|Famous Alpine Larch|
From a distance, in the Fall season, the Alpine Larch present a beautiful golden colour. The closer we get the more dynamic the wooly hair on its contorted branches become. The needles grow on all four sides of the branch and even though it's categorized as an evergreen, it doesn’t remain that way. I’ve learnt to love this tree. And, I’ve also discovered that it was used in a very notorious way.
We drive our Ural motorbike north on Granby Road this cool October morning. We leave the hub of the small town of Grand Forks behind us. The first thing we encountered is a herd of California Big Horn sheep. Their large eyes follow the slow pace of our vehicle and their demeanor seems nonchalant about our coming upon them. The large ram places himself between us and his harem. We motor past them.
The cloud-filled sky is our canopy for the next twenty-four kilometers. We come across a grove of Alpine Larch and park the bike on a dirt road. From there we walk a few hundred meters to get a close look at the pines. Here, Frank tells me a story of the Larch Tree having been grown in Germany in the shape of a swastika.
“Back before the Second World War, around 1938 or '39, some Larch trees were planted in a forest in Germany to celebrate Hitler’s birthday either by the Hitler Youth or by the forest warden.
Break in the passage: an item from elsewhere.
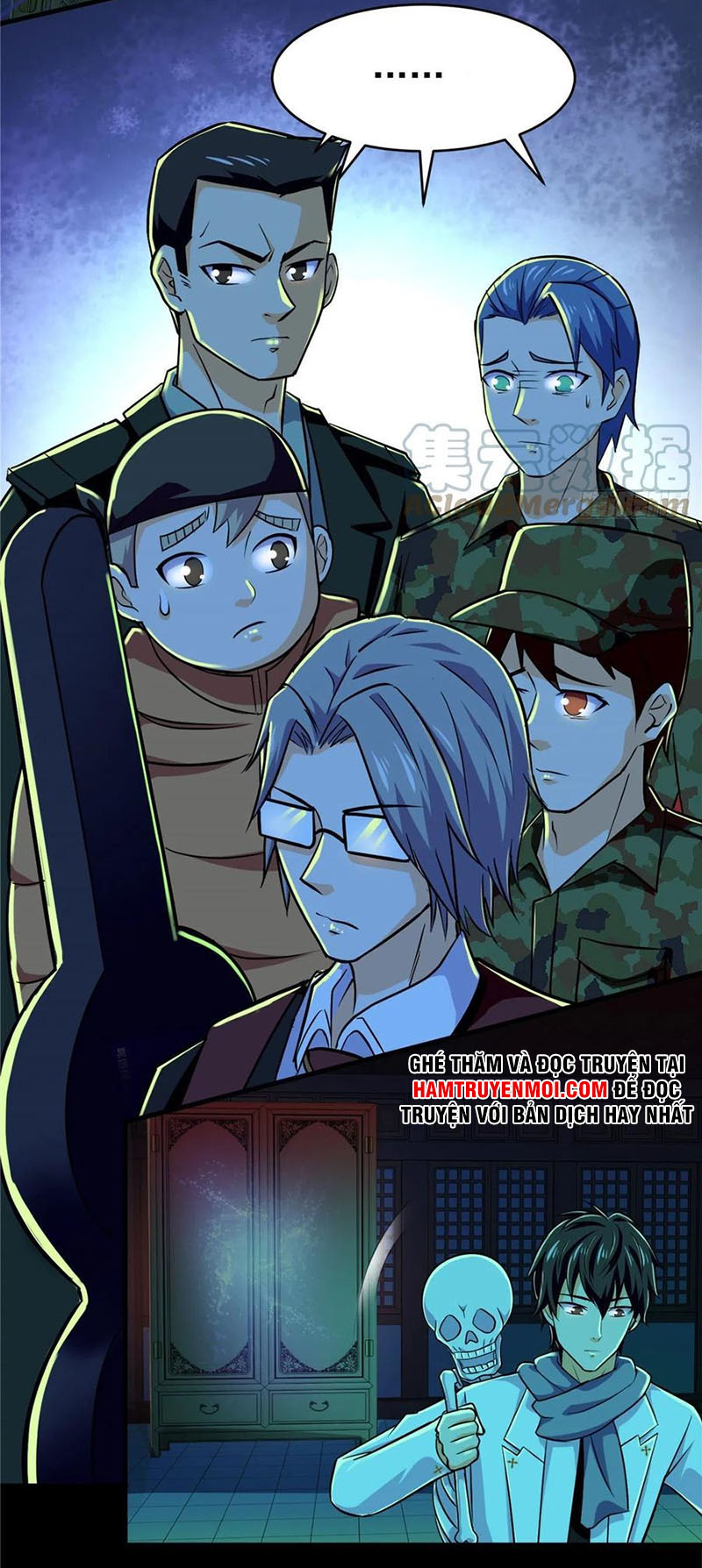 Toàn Cầu Sụp Đổ chapter 59 - Trang 41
It covered at least thirty-six meters so it’s likely it was more than one person doing it. Anyway, you could only see it from the air and when some forestry people were working in the area they spotted the trees shaped like a swastika,” Frank says.
“What about now?” I say.
|courtesy of atlasobscura.com|
“Since about 1992, the forest Larch trees have been removed and solid evergreen trees have been planted,” Frank says. “And, in 1972, American soldiers found another grove of golden larches planted in the shape of swastika near a town called Hesse.”
I imagine a bloom of golden Alpine Larches planted against the stark green of their evergreen family members. It likely looked spectacular.
We motor on and stop at the fork in the road where Highway 3 heads north to the next small town of Greenwood. In a large flat field stands a herd of horses. They are a curious bunch and stroll casually to the fence line when they see us.
Directly across from them is a linear patch of my new favourite tree.
Granby Road changes to North Fork Road and traces the Kettle River all the way back to Grand Forks. We make our way to our house and pet-sit location, step inside and welcome the warmth.